Learning from low precision samples
Keywords:efficient machine learning, quantization, low precision
With advances in edge applications in industry and healthcare, machine learning models are increasingly trained on the edge. However, storage and memory infrastructure at the edge are often primitive, due to cost and real-estate constraints.
A simple, effective method is to learn machine learning models from quantized data stored with low arithmetic precision (1-8 bits).
In this work, we introduce two stochastic quantization methods, dithering and stochastic rounding. In dithering, additive noise from a uniform distribution is added to the sample before quantization. In stochastic rounding, each sample is quantized to the upper level with probability p and to a lower level with probability 1-p.
The key contributions of the paper are as follows:
- For 3 standard machine learning models, Support Vector Machines, Decision Trees and Linear (Logistic) Regression, we compare the performance loss for a standard static quantization and stochastic quantization for 55 classification and 30 regression datasets with 1-8 bits quantization.
- We showcase that for 4- and 8-bit quantization over regression datasets, stochastic quantization demonstrates statistically significant improvement.
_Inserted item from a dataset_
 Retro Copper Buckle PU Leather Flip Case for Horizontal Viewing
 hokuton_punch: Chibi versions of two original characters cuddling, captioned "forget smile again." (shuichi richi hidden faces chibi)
- We investigate the performance loss as a function of dataset attributes viz. number of features, standard deviation, skewness. This helps create a transfer function which will recommend the best quantizer for a given dataset.
- We propose 2 future research areas,
- dynamic quantizer update where the model is trained using streaming data and the quantizer is updated after each batch and
- precision re-allocation under budget constraints where different precision is used for different features.